On 11 June 2013 at 9:38 am btw said:
I thought you didn't need to complete an independant audit for two years?
On 11 June 2013 at 1:14 pm Andrew Brockway said:
Hi BTW. The wording in the Act (Section 59) is "A reporting entity must ensure its risk assessment and AML/CFT programme are audited every 2 years or at any other time at the request of the relevant AML/CFT supervisor". Hence the FMA (being a supervisor) can request an audit at any time.
On 11 June 2013 at 5:27 pm btw said:
That's right. So until requested its not due for another two years..... Why have they made a blanket request that everyone must have an audit from inception? Why indeed even require an audit of such a short time period. E.g., if we get an audit done on 2 July to comply with this latest guidance the auditable time period is only a day. What's the point?.
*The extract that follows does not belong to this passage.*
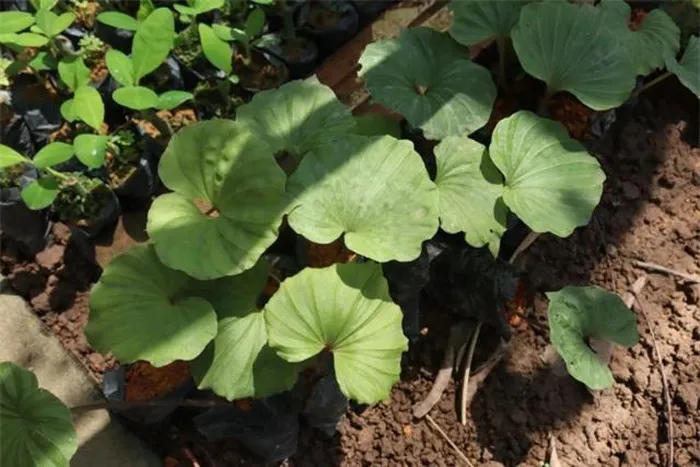 Lá của cây có hình tim tròn, màu xanh lá mạ, với gân lá hình chân vịt và đường kính 10-25cm.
On 11 June 2013 at 10:05 pm DSI said:
FMA pushing AML requirements on all players most AFAs never come across anyone laundering money but have to cover the cost of the requirements but the likes of the big Aussie banks get caught laundering funds for Liberty Reserve with tens of millions of dollars in their accounts and no one blinks an eye? You wonder why public trust is lacking?
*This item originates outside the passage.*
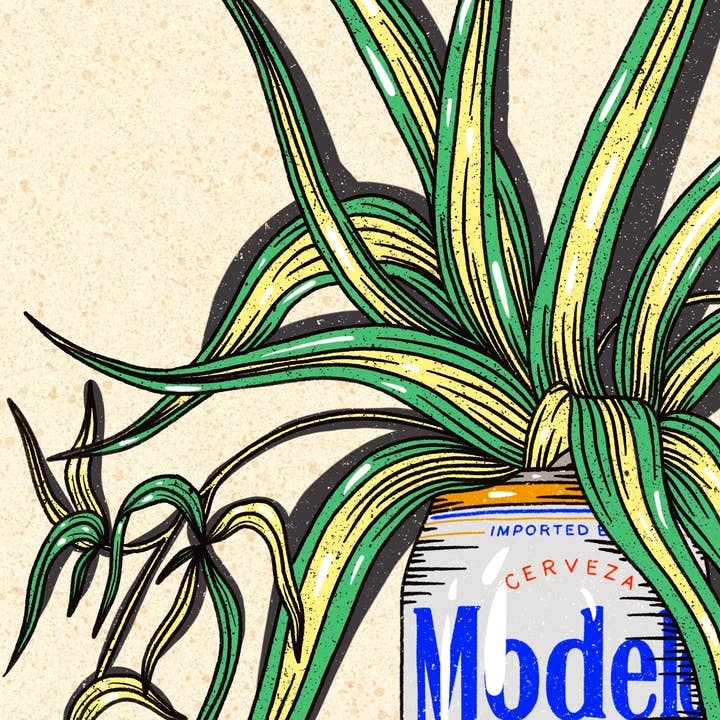 Howdy Studio - Wholesale Art Print - Modelo Beer Can1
On 11 June 2013 at 10:20 pm Angela said:
What a load of rubbish have any of the regulators looked into the banks laundering funds for Liberty Reserve? But no add more rubbish admin onto the AFAs no wonder the world is so fecked!!
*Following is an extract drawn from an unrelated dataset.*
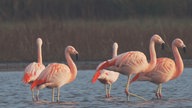 Flamingos des Zwillbrocker Venn in Nahaufnahme.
On 12 June 2013 at 7:56 am Curious said:
Any word on who can do audits yet?
On 13 June 2013 at 10:18 am Concerned Stakeholder said:
Curious - any qualified person can do the audit as long as they did not provide recommendations for the actual "Risk Assessment" and AML Process you use. So if your accountants gave you advice on how to access the risks in your business and how to put the AML process in place then they can't do the Audit. The audit must be independent and there are a number of Regulatory Compliance Advisers out there. To name a few (no recommendation - you make you own choice): IDS (Barry Read), Strategi, Adviser Business Compliance (ABCompliance)and Allan Lloyd (PM Services). I have heard that costs may range from $400 to $800 depending on the type of Audit requested as there are two options. Travel costs will probably be on top of that so advisers should club together to get several AFAs in one city done together.
On 13 June 2013 at 12:37 pm Bernie said:
I'd be wanting to make sure my Risk Assessment (at the very least) had been audited, given this is what the AML programme is based on. You wouldn't want to get it wrong as it will increase your compliance costs. The AML programme has to operate for a period of time to be able to audit the 'effectiveness' not just the design of controls; 3 months onwards should allow auditors to get a decent sample especially in respect of transaction monitoring. Otherwise the AML programme audit will just be limited to testing the design of controls.
The auditor needs to be 'suitably' qualified. You have to explain how your auditor is 'suitably' qualified to your supervisor when requested. Working in this space internationally means holding a relevant qualification from a recognised Instiution/Body; no 'test' on this 'downunder' yet but would imagine the ACAMS qualification a good starting point. As a Kiwi having spent 5 years dealing with AML enforcement offshore (Regulators in the USA, UK) we still have some catching up to.

Start looking at your transactions through an AML lens and I will guarantee you'll find interesting behaviors and patterns - these may or may not turn out to be something of an ML/FT nature. I have seen quite a bit of internal fraud pop up.
On 13 June 2013 at 1:49 pm Concerned Stakeholder said:
Sounds like you would be well "qualified" Bernie. I spoke to the FMA about the term "Suitably qualified" and no mention was made about having any relevant qualification from any recognized Institution/Body. Their response was anyone who has a thorough understanding of the relevant regulations whatever that actually means . The published guidelines also state this quite clearly on pages 3 and 4 so your point of having ACANS quals as a starting point might be overdoing it a bit.